# Speedo dead odometer works



## Katman (Jun 13, 2008)

If the speedo dies but the odometer keeps working is it cut and dried that the speed sender on the tranny is still good? The speedo in the gauge cluster is shot right? 

92 SE


----------



## internetautomart (Mar 8, 2004)

yes that is correct


----------



## Katman (Jun 13, 2008)

Okay looks like its time to hit the local junkyard.

Thanks again internetautomart


----------



## internetautomart (Mar 8, 2004)

Katman said:


> Okay looks like its time to hit the local junkyard.
> 
> Thanks again internetautomart


yeah, any analog cluster will work in place of any other analog cluster (3rd gens) so a white face with a 145 speedo will work just fine in place of a 125 black face one. No changes will be necessary.


----------



## Katman (Jun 13, 2008)

internetautomart said:


> yeah, any analog cluster will work in place of any other analog cluster (3rd gens) so a white face with a 145 speedo will work just fine in place of a 125 black face one. No changes will be necessary.

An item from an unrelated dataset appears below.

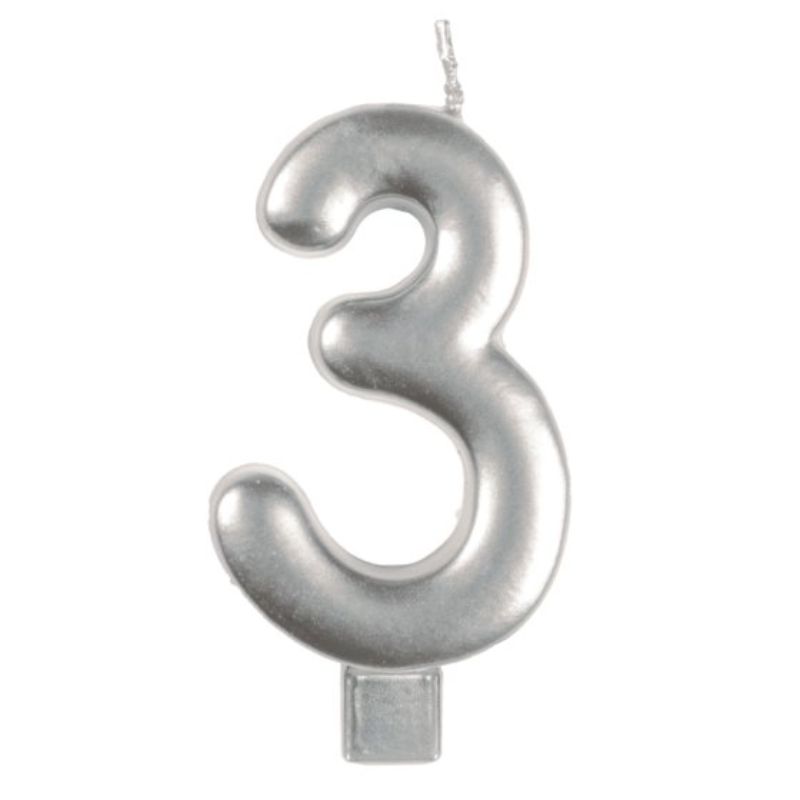 Elegant silver #3 numeral candle, 8cm, perfect for birthdays and anniversaries, burns cleanly, highlights your celebration.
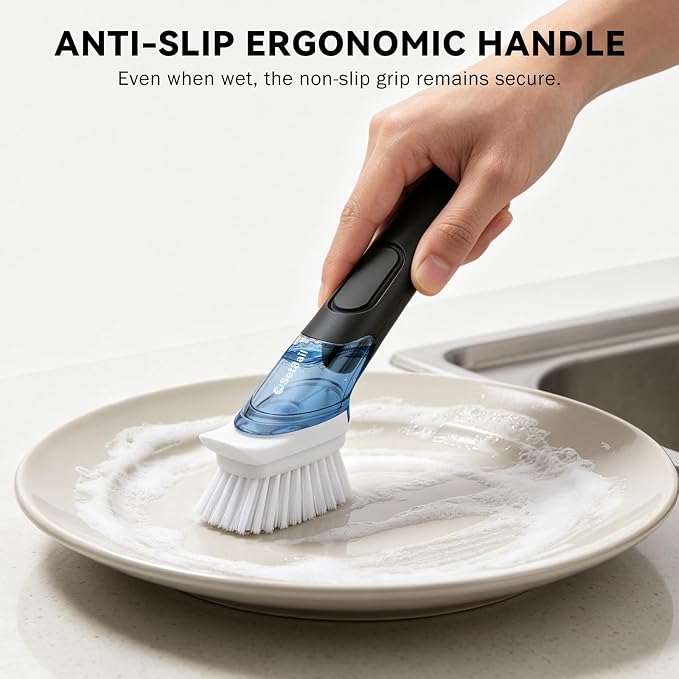 SetSail Dish Brush with Soap Dispenser, Stiff Bristles with Built-in Scraper Dish Scrubber with 3 Pack Replaceable Brush Head Dish Scrub Brush with Non-Slip Handle for Kitchen Sink, Dishes, Pans, Pot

That is nice but I already have the white gauges that go to 145 and I would like to keep it that way. I may have to really scrounge around to find another set of white ones. Or at least the speedo part. I suppose if a guy uses the innards out of one that only goes to 125 with my white faces that go to 145 it would not work as the numbers are in different location/spacing. What goes sour with these things? Is it fixable? I do all kinds of modeling for a hobby and repair computers for a living and my Dad is a 2-way radio geek so fixing those kinda things is not a problem but maybe when they go the go all the way south. 

Just trying to find out what my options are.

TT


----------